The Filipino culture is vibrant and lovely where we welcome almost every individual with open arms. Our country is well known for its sceneries like the beaches, outdoor activities, and historical artifacts. But behind all these wonders, the Philippines is also a country where families are living in poverty as they struggle to make a living. There are children who have no proper education because their parents are unable to provide for their needs. Filipinos sacrifice everything to have at least one child with a college degree. That tension between few opportunities in the Philippines versus better opportunities in the United States and Texas drew Merle and other Filipinos to work abroad.

Merle and Yong Dawsey are the two business owners who operate M.Y. Chock Dee, a Filipino store with a buffet dining located in Universal City, Texas where locals enjoy the delicious Filipino dishes and desserts. Both Merle and Yong started their business from the root until it flourished into what it is now. With a budget of $5,000 they bought equipment that provided a service and an opportunity to showcase their passion for serving others. Back in the early 2000s Merle and Yong had a restaurant called "Mekeni" which was located a few blocks away from their store. At times they would host the boxing events of the famous Filipino boxer Manny Pacquiao. Their customers would enjoy both their food and the defining moment of the event. But now, Merle and Yong have combined both the grocery store and buffet dining into one location so that it would be more convenient for their customers to not only eat a scrumptious meal, but also to take home snacks and other goods from their small Filipino market. It’s not just about being a business owner. It’s about serving others in a non-traditional way.

Merle thanks her employees for their day-to-day hard work and kindness to their customers. She also rewards them by taking them out to eat at good restaurants in San Antonio, Austin, and all other cities. It became their tradition that she wants her employees to value their success just as if they were her own children. Likewise, when an issue arises, particularly if a customer dehumanizes her employees, Merle steps up and confronts the issue as she strongly protects her own workers. The biggest issue is that we often treat workers in the food industry as if they were slaves. Merle and Yong disagree with this attitude.

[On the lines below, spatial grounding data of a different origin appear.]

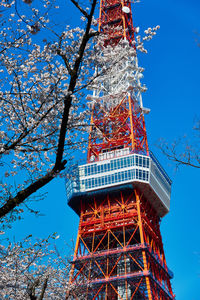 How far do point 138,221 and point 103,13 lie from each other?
37.4 m

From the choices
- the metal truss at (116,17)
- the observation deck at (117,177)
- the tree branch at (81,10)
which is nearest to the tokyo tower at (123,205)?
the observation deck at (117,177)

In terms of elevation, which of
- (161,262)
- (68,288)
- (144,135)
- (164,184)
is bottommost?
(68,288)

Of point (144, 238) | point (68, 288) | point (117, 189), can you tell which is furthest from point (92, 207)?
point (68, 288)

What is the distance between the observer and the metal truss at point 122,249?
46.6 metres

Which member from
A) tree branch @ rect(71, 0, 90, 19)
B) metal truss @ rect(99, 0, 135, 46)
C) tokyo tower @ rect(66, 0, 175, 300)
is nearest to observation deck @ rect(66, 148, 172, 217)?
tokyo tower @ rect(66, 0, 175, 300)

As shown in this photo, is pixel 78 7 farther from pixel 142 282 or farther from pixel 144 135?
pixel 144 135

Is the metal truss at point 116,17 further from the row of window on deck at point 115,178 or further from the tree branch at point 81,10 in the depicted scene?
the tree branch at point 81,10

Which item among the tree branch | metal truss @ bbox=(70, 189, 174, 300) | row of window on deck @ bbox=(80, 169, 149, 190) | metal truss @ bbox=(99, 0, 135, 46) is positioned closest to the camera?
the tree branch

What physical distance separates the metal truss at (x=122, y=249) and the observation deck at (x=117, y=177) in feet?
4.03

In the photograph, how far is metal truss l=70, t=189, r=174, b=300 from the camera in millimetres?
46562

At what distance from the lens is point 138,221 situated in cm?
5075

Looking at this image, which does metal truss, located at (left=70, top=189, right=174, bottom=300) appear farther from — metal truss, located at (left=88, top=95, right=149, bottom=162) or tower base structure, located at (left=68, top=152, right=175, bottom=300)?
metal truss, located at (left=88, top=95, right=149, bottom=162)

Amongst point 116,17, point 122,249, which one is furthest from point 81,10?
point 116,17

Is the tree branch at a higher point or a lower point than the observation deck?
lower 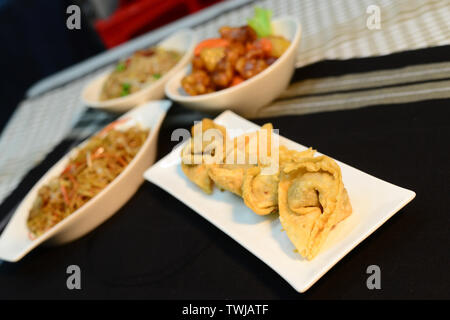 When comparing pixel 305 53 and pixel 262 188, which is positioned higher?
pixel 305 53

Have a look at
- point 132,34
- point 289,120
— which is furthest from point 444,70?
point 132,34

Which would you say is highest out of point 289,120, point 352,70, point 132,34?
point 132,34

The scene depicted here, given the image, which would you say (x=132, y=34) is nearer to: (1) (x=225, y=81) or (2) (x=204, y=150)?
(1) (x=225, y=81)

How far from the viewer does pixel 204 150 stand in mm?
1487

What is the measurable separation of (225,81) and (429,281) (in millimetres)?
1133

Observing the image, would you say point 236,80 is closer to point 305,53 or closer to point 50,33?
point 305,53

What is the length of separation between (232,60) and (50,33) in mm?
3255

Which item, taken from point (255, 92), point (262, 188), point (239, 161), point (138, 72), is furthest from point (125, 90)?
point (262, 188)

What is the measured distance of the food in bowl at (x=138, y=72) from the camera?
223 cm

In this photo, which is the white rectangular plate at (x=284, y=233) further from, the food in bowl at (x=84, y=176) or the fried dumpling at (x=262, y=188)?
the food in bowl at (x=84, y=176)

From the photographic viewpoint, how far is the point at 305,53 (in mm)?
2098

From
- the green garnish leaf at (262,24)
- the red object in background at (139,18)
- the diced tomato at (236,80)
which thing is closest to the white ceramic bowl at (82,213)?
the diced tomato at (236,80)

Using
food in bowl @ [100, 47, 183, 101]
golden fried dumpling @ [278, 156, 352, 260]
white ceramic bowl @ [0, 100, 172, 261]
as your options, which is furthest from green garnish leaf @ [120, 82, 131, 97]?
golden fried dumpling @ [278, 156, 352, 260] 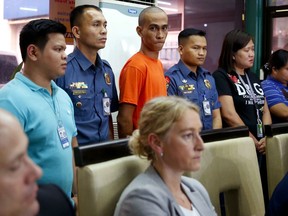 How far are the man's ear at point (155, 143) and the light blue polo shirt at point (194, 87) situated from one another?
4.12ft

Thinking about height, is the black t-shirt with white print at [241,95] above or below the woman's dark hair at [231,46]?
below

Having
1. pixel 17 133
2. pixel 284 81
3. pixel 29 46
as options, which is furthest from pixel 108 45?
pixel 17 133

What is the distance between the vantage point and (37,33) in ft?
6.85

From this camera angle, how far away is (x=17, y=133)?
0.86 meters

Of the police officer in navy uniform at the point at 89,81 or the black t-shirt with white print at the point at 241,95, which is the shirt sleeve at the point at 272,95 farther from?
the police officer in navy uniform at the point at 89,81

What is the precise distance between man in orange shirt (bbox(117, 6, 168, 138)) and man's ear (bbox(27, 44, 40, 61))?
27.6 inches

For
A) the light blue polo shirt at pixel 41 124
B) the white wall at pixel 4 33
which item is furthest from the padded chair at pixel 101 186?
the white wall at pixel 4 33

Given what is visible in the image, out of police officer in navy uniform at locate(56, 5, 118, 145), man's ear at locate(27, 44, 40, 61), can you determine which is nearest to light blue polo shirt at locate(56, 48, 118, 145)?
police officer in navy uniform at locate(56, 5, 118, 145)

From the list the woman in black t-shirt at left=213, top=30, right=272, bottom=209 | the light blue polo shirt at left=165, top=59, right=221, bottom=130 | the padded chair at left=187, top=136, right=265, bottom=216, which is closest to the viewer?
the padded chair at left=187, top=136, right=265, bottom=216

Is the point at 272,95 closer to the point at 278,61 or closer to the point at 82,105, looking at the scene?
the point at 278,61

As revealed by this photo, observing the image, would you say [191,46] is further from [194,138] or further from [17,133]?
[17,133]

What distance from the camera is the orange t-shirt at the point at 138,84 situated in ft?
8.72

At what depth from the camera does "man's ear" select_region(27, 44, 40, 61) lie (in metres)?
2.09

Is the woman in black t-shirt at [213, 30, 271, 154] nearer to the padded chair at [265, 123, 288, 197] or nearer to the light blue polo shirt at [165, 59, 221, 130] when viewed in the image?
the light blue polo shirt at [165, 59, 221, 130] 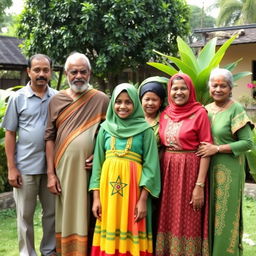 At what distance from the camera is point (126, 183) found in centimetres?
293

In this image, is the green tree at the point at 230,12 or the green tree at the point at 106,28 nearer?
the green tree at the point at 106,28

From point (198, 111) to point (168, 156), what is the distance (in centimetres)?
41

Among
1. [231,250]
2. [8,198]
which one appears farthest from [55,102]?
[8,198]

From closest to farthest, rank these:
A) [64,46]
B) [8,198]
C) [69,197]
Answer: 1. [69,197]
2. [8,198]
3. [64,46]

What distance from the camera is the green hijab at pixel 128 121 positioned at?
2930 millimetres

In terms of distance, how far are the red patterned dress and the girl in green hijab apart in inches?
4.2

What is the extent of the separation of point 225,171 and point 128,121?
32.4 inches

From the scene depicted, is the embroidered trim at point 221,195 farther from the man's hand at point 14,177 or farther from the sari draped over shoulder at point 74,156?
the man's hand at point 14,177

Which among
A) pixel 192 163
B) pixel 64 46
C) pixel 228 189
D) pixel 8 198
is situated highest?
pixel 64 46

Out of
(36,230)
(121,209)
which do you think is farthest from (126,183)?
(36,230)

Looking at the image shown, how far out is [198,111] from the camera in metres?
2.95

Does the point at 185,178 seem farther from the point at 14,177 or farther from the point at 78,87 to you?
the point at 14,177

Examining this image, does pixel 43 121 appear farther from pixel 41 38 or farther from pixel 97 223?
pixel 41 38

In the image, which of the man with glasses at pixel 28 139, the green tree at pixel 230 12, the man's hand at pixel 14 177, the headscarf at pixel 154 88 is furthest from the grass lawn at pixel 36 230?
the green tree at pixel 230 12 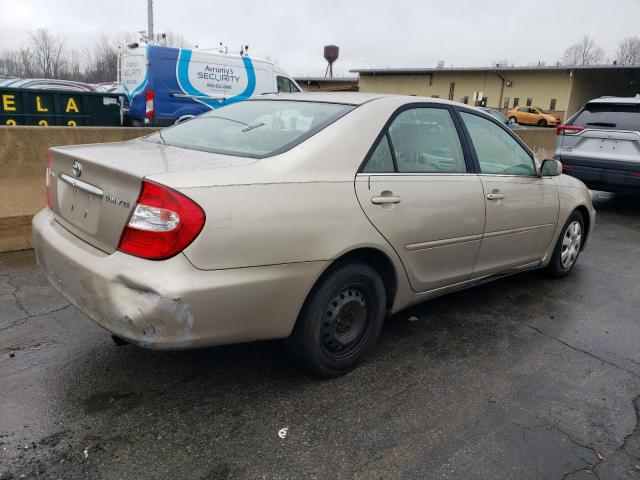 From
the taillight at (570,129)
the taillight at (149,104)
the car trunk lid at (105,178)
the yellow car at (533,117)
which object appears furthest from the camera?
the yellow car at (533,117)

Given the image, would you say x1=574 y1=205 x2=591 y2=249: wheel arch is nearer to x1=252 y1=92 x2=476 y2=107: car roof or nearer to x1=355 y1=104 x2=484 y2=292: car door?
x1=355 y1=104 x2=484 y2=292: car door

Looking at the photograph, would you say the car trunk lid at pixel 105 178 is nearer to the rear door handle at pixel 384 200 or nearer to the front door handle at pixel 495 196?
the rear door handle at pixel 384 200

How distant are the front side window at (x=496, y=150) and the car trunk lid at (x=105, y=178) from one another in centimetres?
187

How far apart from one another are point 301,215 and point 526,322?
7.37 feet

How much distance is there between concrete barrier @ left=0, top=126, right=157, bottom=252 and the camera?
471 centimetres

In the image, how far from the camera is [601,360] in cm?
330

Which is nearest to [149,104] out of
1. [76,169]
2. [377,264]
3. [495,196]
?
[76,169]

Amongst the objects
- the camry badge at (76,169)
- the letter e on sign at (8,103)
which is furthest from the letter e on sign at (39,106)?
the camry badge at (76,169)

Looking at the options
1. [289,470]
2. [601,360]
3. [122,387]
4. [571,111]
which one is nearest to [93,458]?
[122,387]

Their pricing for their buffet is reasonable for what you’ll see on the line. Whenever my family dines at their restaurant, we value the freshness of the food and feel grateful that they are consistent with filling up the line as the food trays become empty.

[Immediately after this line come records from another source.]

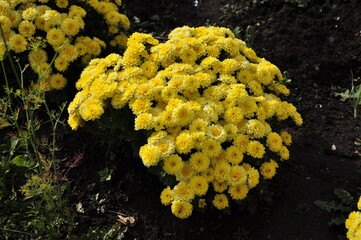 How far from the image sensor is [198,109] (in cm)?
289

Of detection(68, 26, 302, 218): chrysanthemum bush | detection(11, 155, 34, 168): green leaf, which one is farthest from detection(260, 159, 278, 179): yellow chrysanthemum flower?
detection(11, 155, 34, 168): green leaf

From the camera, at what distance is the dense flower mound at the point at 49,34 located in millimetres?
3693

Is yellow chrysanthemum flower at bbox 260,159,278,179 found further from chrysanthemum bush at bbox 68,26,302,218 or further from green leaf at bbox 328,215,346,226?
green leaf at bbox 328,215,346,226

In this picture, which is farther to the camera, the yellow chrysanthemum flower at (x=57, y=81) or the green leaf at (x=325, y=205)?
the yellow chrysanthemum flower at (x=57, y=81)

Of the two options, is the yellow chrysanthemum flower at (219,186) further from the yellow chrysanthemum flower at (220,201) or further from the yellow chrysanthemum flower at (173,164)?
the yellow chrysanthemum flower at (173,164)

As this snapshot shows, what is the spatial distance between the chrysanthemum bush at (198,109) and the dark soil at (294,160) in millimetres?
346

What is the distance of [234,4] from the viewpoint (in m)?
5.88

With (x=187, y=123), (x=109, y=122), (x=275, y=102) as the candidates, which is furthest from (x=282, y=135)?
(x=109, y=122)

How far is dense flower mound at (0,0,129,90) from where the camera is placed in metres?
3.69

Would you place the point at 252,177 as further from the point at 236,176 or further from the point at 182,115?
the point at 182,115

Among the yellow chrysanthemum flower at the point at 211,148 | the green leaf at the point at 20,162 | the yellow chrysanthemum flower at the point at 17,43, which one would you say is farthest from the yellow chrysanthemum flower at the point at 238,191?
the yellow chrysanthemum flower at the point at 17,43

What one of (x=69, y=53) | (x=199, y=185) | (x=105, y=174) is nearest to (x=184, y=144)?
(x=199, y=185)

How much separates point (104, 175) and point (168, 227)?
71 cm

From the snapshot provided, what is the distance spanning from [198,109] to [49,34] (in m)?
1.65
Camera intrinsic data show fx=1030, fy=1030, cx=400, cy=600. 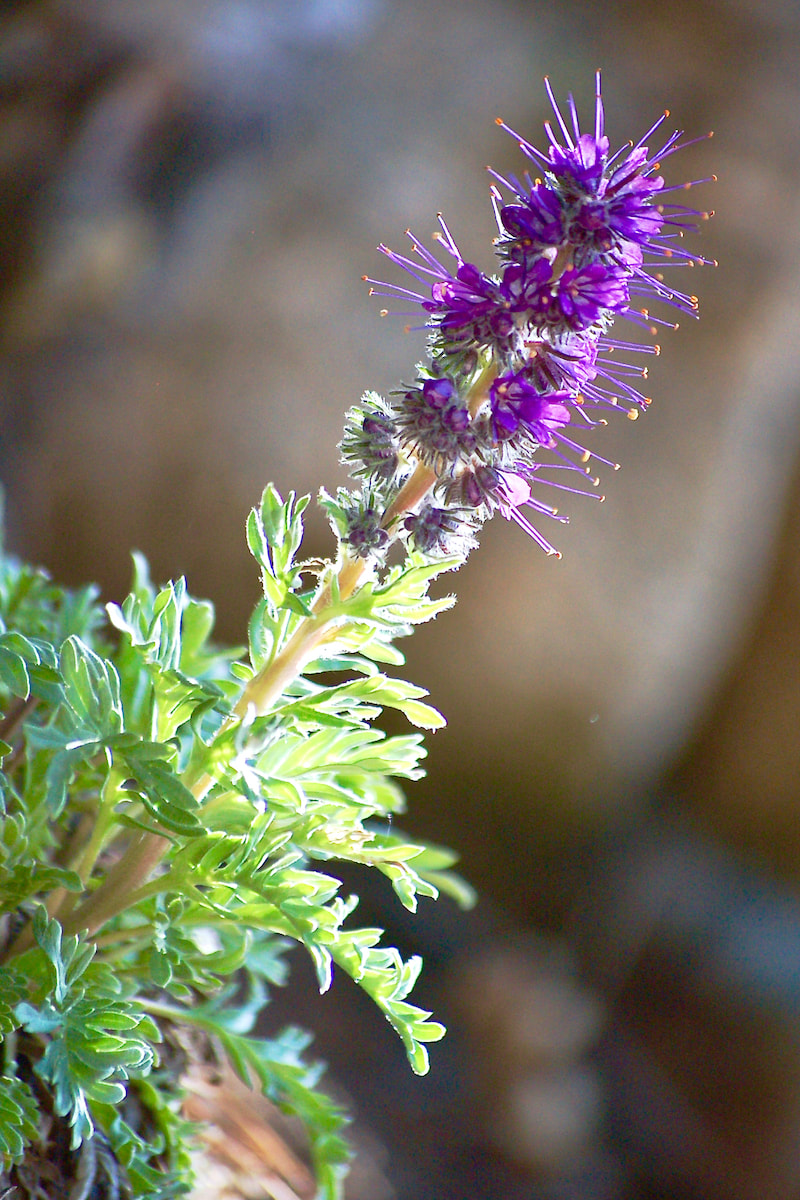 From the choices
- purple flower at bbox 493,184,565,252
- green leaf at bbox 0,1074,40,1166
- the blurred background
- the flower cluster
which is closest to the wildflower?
the flower cluster

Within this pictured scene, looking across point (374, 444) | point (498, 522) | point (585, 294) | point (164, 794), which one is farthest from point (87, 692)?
point (498, 522)

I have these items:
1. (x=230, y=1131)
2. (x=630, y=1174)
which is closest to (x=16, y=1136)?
(x=230, y=1131)

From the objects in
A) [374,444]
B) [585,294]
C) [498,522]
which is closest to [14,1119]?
[374,444]

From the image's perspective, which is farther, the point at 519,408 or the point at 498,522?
the point at 498,522

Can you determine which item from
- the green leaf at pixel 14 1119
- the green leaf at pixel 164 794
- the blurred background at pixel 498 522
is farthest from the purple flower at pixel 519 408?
the blurred background at pixel 498 522

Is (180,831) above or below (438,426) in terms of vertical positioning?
below

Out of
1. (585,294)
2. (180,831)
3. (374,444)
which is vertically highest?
(585,294)

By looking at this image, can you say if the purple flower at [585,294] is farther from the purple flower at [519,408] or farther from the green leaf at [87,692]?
the green leaf at [87,692]

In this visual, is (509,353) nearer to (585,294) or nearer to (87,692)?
(585,294) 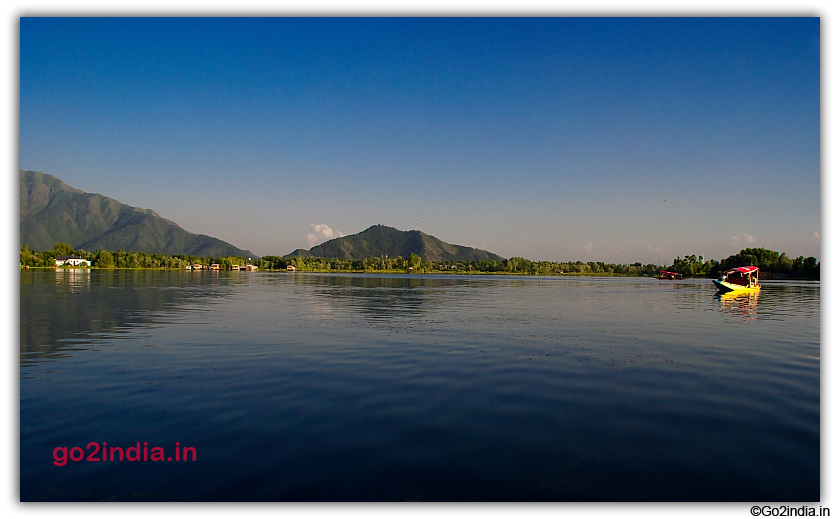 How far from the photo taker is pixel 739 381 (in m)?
17.0

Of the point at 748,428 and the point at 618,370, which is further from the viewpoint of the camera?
the point at 618,370

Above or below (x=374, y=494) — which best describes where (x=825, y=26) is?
above

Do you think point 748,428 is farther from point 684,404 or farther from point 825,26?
point 825,26

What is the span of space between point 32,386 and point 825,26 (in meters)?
25.5

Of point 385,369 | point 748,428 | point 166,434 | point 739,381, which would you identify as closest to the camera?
point 166,434

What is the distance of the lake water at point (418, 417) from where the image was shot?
27.8ft

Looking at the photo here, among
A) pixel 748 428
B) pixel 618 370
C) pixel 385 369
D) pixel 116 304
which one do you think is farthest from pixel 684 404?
pixel 116 304

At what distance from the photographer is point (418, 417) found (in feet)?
39.9

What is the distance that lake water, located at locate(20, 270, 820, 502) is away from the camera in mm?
8484

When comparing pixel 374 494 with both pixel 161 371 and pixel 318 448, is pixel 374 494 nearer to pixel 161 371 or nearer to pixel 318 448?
pixel 318 448

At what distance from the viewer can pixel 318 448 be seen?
988 cm

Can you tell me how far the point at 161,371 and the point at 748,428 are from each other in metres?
19.5

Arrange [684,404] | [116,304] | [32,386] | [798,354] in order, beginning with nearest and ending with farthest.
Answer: [684,404] → [32,386] → [798,354] → [116,304]

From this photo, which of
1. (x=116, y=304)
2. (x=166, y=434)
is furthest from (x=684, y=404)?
(x=116, y=304)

Merle’s favorite part about being a Texan is supporting her family. She also likes traveling all over Texas and visiting other restaurants in other cities. One of Merle’s favorite moments was to hear her customers’ feedback that they would recommend her business to the people that they know.

In the near future I can definitely see the opportunity here in San Antonio, Texas for this Mexican-influenced community to add a touch of a Filipino culture to embrace the diversity within ourselves. Filipinos somewhat replicate Mexican dishes when it comes to pork, chicken, and beef. Some of the top Filipino entrées that our culture has been known for are Spring Rolls, Pancit, Lechon, Sisig, Halo-Halo, and so much more.